A common theme across any of the “greats”, whether they are athletes or artists, is fixation on mastering their trade. This fixation probably resembles what most would call obsession. So, for those of you who are really in hot pursuit of your mastery, you’re likely pouring loads of time, money, and emotion into tracking and racing your vehicles. It’s probably borderline obsessive, as it should be if you really want to get good.
But what does this mean for those other parts of your life? Do you have to be with some equally obsessed to make it work? Jager Racing was curious as to what the relationship climate is like out there for the borderline obsessed auto enthusiast. We took a survey and got a lot of feedback, so thanks to everyone who participated! With that, we also got a lot of good comments, which we’ll get in to, as well.

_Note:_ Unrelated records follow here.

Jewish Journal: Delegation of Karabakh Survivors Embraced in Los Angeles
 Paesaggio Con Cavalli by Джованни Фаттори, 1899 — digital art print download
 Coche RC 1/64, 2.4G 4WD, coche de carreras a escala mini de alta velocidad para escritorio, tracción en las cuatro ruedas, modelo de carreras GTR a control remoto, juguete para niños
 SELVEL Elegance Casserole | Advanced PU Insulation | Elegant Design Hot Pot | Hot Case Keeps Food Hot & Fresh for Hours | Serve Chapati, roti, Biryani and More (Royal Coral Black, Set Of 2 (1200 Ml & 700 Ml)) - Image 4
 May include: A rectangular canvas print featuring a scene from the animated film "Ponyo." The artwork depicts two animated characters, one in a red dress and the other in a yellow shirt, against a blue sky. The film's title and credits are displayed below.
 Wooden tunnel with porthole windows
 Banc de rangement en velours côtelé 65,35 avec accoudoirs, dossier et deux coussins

Overall, the results were surprisingly good. Most of you are pretty damn happy! But, we also got some feedback that some of you are “ #singlebecauseracecar”. So, let’s break it down.

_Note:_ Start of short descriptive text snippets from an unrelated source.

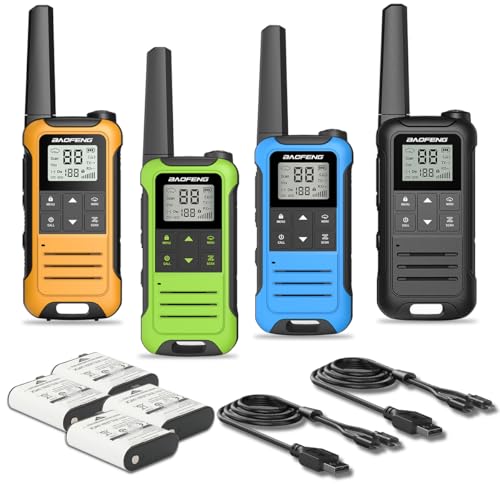 Image of Walkie Talkies Long Range for Adult, 4Pack Rechargeable Baofeng Walkie Talkie F22 FRS Two Way Radio,USB-C Cable,1400mAh Li-ion Battery NOAA with Flashlight for Camping Family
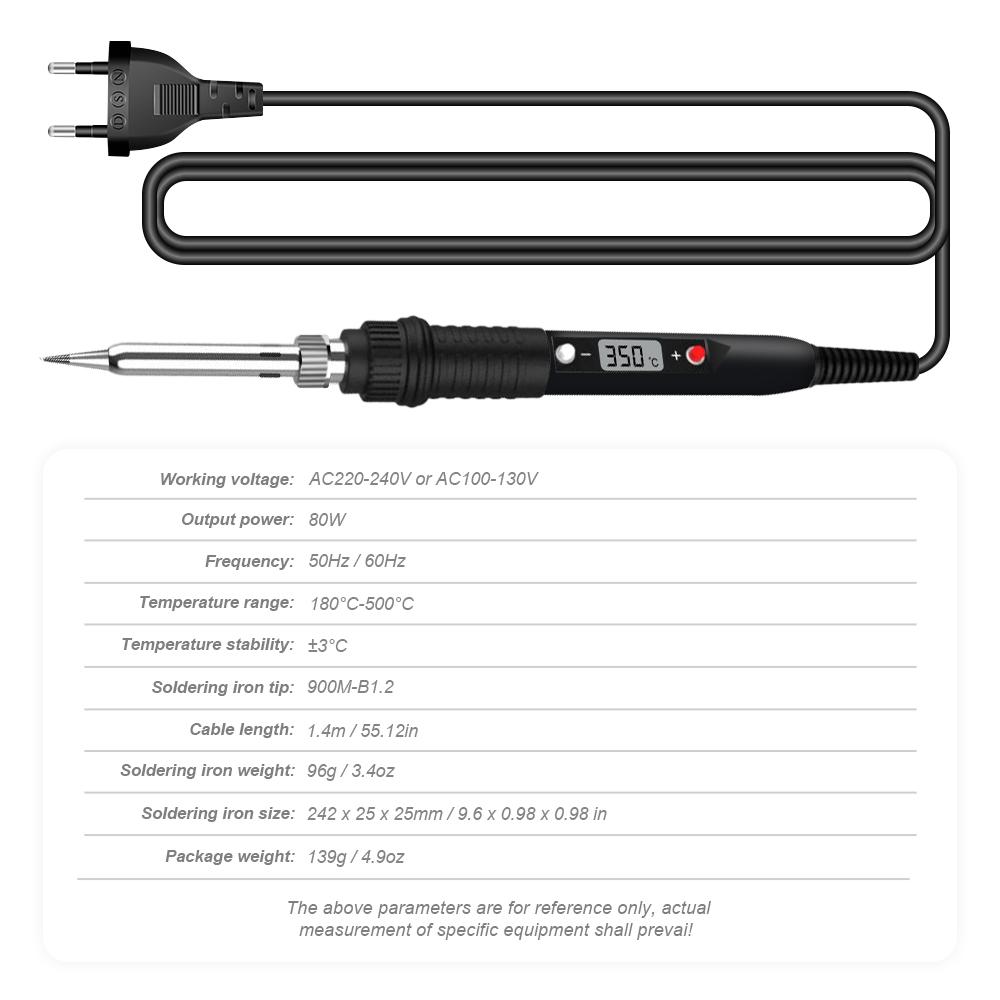 JCD 80W Soldering Iron Sponge Professional Tin Electric Bread Adjustable Temperature 220V Lead-free Welding Repair Tools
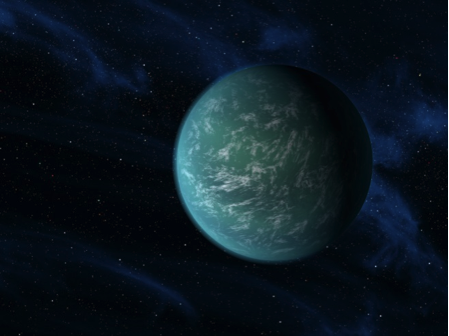 Figure 2. An artist’s rendition of a possible water-ocean planet called Kepler-22b that has 230 day orbit and is in the habitable zone of its star. Credit: NASA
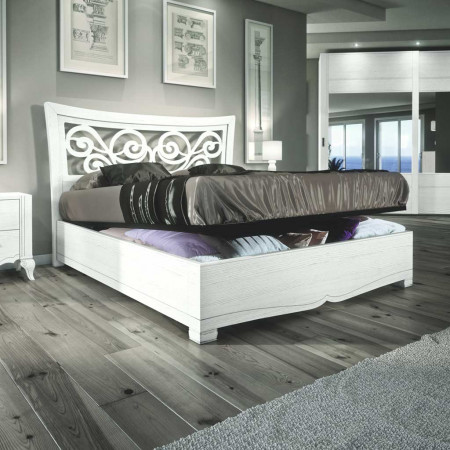 Letto sagoma con griglia e contenitore in legno di frassino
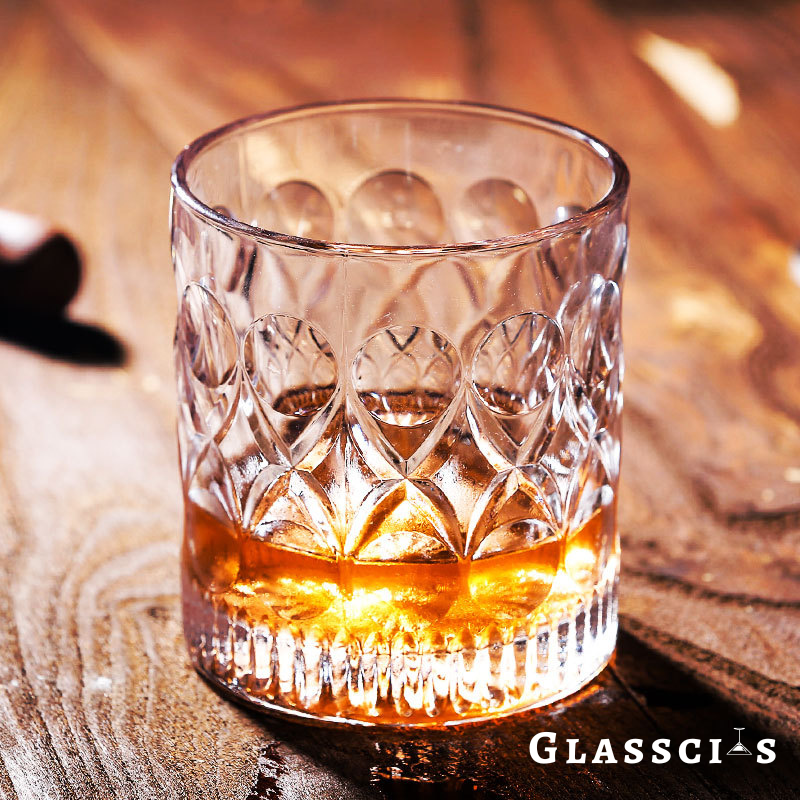 Vintage hourglass pattern crystal double old fashioned glasses
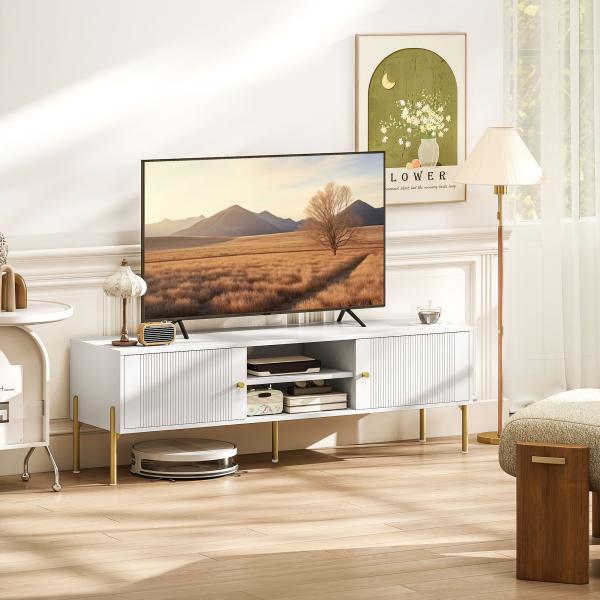 Móvel de TV Moderno com 2 Prateleiras Abertas Ajustáveis para Televisão 65 Polegadas 140x38x45,9 cm Branco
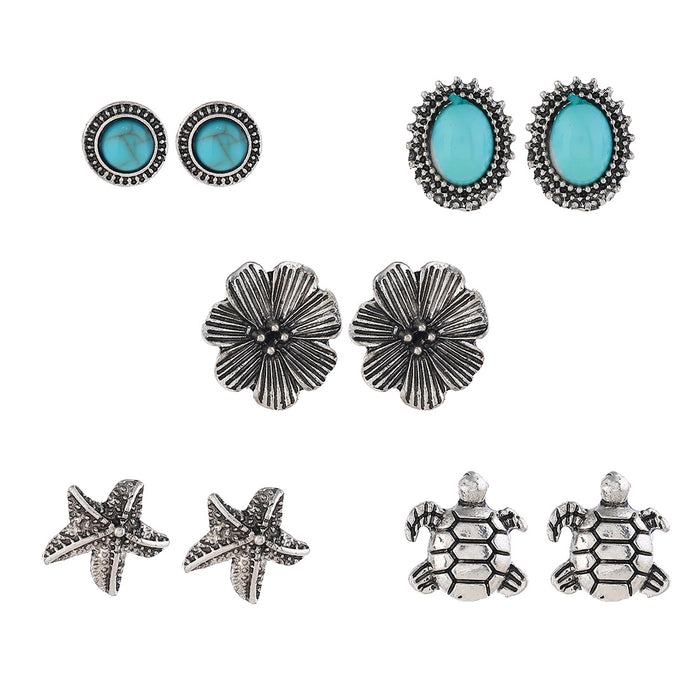 Wholesale Earrings Alloy Retro Turtle Starfish 5 Piece Set MOQ≥2 JDC-ES-ZL032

First, who took this thing? Not surprisingly, 88% of our respondents were male, and 12% were female. Here’s what age looked like:
47% of those who answered were married, 35% in a relationship, with the remaining 18% being single. The large portion of married people who took the survey may have influenced the fact that a lot of people reported being happy in their relationship… I supposed if you marry them or stay married to them, you must sort of like them, right? Interestingly, of everyone surveyed, only 6% both race/track.
Time for some good news! When asked if you were happy in your relationship, 84% of you said yes. That’s pretty incredible for the challenge racing can present. You guys are clearly doing something right, and some of you shared your advice, which we will get to at the end. So, who’s unhappy? Most of those who said they were unhappy were married. This also seems logical, as a boyfriend/ girlfriend could be perceived as easier to “get rid of” if they didn’t like or support your lifestyle.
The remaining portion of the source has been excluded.